Tokenizer Choice For LLM Training: Negligible or Crucial?

Mehdi Ali,Michael Fromm,Klaudia Thellmann,Richard Rutmann,Max Lübbering,Johannes Leveling,Katrin Klug,Jan Ebert,Niclas Doll,Jasper Schulze Buschhoff,Charvi Jain,Alexander Arno Weber,Lena Jurkschat,Hammam Abdelwahab,Chelsea John,Pedro Ortiz Suarez,Malte Ostendorff,Samuel Weinbach,Rafet Sifa,Stefan Kesselheim,Nicolas Flores-Herr
2024-03-17
Abstract:The recent success of Large Language Models (LLMs) has been predominantly driven by curating the training dataset composition, scaling of model architectures and dataset sizes and advancements in pretraining objectives, leaving tokenizer influence as a blind spot. Shedding light on this underexplored area, we conduct a comprehensive study on the influence of tokenizer choice on LLM downstream performance by training 24 mono- and multilingual LLMs at a 2.6B parameter scale, ablating different tokenizer algorithms and parameterizations. Our studies highlight that the tokenizer choice can significantly impact the model's downstream performance and training costs. In particular, we find that the common tokenizer evaluation metrics fertility and parity are not always predictive of model downstream performance, rendering these metrics a questionable proxy for the model's downstream performance. Furthermore, we show that multilingual tokenizers trained on the five most frequent European languages require vocabulary size increases of factor three in comparison to English. While English-centric tokenizers have been applied to the training of multi-lingual LLMs in the past, we find that this approach results in a severe downstream performance degradation and additional training costs of up to 68%, due to an inefficient tokenization vocabulary.
Machine Learning
What problem does this paper attempt to address?

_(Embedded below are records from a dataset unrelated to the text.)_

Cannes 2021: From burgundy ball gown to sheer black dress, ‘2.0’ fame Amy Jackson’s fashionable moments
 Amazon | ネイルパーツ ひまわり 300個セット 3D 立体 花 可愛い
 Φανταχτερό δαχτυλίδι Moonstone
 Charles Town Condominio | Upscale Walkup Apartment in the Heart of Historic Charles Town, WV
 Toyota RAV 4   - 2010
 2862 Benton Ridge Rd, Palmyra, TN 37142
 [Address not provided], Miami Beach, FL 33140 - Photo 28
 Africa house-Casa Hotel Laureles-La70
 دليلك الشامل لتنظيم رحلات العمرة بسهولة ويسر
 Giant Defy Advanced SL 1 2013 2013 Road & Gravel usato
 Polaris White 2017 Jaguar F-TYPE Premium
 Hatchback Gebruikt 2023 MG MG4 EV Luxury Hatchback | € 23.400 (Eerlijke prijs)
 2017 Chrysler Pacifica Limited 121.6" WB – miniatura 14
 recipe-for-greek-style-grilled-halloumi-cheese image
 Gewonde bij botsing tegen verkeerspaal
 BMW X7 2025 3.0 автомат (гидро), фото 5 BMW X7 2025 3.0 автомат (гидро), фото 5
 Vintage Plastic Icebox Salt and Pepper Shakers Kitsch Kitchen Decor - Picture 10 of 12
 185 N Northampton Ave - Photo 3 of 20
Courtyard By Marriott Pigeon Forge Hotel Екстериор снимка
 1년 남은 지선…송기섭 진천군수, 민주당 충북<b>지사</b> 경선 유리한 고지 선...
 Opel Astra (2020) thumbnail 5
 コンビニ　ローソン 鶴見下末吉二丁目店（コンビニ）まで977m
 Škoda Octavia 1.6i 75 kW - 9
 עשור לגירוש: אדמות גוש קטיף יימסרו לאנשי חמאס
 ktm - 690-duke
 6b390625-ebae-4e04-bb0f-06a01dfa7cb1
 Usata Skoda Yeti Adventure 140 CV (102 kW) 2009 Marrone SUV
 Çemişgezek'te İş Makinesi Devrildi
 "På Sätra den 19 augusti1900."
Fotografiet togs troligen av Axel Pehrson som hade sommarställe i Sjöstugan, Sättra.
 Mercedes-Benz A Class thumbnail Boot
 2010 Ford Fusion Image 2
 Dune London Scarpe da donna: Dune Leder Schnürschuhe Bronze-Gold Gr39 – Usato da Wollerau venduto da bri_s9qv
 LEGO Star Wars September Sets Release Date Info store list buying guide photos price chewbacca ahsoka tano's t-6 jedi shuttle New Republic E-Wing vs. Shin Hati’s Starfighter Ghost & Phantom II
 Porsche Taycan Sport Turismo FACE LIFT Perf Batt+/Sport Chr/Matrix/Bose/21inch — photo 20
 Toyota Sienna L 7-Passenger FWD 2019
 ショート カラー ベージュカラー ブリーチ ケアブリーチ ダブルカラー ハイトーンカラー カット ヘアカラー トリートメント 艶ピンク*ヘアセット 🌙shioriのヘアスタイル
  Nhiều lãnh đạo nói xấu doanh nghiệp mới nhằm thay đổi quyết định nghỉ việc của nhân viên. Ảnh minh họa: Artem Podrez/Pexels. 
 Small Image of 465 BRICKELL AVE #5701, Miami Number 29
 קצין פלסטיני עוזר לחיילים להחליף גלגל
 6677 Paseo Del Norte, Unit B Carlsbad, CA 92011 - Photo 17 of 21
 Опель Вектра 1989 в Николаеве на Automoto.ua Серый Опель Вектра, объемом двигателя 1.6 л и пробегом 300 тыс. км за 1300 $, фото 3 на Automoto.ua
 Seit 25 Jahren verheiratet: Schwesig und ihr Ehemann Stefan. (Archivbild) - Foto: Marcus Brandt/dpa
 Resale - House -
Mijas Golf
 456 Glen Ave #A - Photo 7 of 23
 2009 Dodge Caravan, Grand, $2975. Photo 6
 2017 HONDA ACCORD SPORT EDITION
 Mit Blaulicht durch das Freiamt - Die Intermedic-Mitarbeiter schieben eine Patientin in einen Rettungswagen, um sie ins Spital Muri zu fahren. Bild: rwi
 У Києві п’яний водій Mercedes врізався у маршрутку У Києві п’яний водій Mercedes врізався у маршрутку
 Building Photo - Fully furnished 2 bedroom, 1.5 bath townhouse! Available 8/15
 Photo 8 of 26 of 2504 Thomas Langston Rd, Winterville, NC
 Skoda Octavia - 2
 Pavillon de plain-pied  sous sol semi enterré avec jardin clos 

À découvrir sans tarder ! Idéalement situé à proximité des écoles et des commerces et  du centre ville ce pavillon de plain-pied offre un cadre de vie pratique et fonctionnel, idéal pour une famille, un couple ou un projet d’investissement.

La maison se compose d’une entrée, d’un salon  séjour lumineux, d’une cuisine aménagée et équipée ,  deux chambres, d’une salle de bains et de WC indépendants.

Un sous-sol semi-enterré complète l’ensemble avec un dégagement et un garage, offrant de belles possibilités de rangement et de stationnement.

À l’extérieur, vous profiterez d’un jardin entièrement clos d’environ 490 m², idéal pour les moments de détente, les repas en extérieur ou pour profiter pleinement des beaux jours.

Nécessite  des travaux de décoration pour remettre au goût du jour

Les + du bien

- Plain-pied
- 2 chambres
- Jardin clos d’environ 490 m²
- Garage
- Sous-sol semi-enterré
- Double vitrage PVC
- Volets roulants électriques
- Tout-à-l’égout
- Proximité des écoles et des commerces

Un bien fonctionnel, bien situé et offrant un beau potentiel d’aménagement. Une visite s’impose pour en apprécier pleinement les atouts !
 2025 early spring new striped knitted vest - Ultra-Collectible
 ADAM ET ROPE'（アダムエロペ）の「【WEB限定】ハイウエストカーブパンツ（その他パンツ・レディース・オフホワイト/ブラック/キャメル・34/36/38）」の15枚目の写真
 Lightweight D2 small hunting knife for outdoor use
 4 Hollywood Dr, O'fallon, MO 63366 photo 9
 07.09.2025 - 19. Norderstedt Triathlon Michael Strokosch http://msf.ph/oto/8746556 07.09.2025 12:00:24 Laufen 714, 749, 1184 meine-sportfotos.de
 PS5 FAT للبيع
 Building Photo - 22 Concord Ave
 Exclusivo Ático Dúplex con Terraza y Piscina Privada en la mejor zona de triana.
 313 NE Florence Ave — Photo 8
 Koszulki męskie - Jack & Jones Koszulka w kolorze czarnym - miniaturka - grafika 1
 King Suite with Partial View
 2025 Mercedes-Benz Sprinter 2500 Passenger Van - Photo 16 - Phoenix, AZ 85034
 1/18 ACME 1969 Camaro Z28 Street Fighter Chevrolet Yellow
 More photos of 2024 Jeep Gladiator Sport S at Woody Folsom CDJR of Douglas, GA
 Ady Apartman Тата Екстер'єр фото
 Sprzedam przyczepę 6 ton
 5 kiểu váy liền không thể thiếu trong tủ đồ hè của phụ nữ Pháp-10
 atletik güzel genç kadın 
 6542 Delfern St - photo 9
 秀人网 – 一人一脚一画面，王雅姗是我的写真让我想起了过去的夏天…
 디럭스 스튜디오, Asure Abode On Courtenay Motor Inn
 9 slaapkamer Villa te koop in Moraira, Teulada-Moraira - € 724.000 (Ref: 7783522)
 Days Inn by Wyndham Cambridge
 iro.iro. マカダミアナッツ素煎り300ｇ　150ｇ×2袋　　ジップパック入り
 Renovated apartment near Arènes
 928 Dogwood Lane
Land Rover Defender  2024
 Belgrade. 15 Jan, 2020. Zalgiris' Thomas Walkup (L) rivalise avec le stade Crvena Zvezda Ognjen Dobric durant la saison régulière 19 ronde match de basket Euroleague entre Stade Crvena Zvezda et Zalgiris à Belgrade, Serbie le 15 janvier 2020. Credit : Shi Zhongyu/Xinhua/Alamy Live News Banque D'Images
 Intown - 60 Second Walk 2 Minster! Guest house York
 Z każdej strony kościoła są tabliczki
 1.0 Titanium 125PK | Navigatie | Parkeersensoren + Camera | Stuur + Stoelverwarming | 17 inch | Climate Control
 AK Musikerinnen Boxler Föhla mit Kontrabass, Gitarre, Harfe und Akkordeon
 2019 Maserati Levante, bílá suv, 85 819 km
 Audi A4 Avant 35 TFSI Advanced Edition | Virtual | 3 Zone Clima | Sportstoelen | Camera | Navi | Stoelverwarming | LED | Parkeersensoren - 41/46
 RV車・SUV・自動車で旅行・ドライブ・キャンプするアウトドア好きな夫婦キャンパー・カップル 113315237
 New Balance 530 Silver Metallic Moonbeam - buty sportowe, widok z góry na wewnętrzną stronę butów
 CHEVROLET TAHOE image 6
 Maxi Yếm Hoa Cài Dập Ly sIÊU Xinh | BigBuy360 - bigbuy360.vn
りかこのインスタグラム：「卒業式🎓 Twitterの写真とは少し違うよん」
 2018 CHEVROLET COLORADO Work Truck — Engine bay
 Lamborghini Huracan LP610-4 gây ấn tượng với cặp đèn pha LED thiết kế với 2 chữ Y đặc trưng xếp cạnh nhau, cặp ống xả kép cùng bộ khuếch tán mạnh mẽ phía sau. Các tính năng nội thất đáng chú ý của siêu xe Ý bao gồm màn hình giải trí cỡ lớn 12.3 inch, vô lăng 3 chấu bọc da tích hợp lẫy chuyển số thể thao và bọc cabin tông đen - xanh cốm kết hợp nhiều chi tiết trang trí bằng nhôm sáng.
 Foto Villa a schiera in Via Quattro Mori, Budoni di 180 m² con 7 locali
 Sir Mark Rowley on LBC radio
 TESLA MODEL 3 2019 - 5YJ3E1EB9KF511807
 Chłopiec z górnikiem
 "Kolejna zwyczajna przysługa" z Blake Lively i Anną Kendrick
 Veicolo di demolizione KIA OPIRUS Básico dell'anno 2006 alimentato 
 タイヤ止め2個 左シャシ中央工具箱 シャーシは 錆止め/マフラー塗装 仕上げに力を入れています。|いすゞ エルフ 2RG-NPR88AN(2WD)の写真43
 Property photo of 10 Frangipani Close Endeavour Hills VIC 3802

The paper primarily discusses the role of tokenizers in the training of large language models (LLMs) and their impact on the performance of downstream tasks of the model. Specifically, the paper attempts to address the following key issues: 1. **The Importance of Tokenizer Choice**: Investigating the specific impact of different tokenization algorithms and parameter settings on the performance of LLM downstream tasks. 2. **The Correlation Between Intrinsic and Extrinsic Evaluation**: Exploring the relationship between intrinsic quality metrics of tokenizers (such as fertility and evenness) and their impact on the performance of model downstream tasks. 3. **Challenges in Multilingual Contexts**: Analyzing the potential issues when applying English-centric tokenizers to multilingual LLMs and discussing the need to train tokenizers on multilingual datasets. By training 24 different-sized LLMs (with 260 million parameters) that include both monolingual and multilingual varieties, the authors conducted a comprehensive study to assess the impact of different tokenizer algorithms, parameter configurations, and vocabulary sizes on model performance. The research found that the choice of tokenizer significantly affects the downstream performance of the model, and common tokenizer evaluation metrics do not always accurately predict the downstream performance of the model. Additionally, the paper highlights the issues that using English-specific tokenizers in multilingual contexts may lead to performance degradation and increased additional training costs. Overall, the paper aims to fill the current research gap regarding the impact of tokenizers on external model performance and provides important insights into the selection and optimization of tokenizers.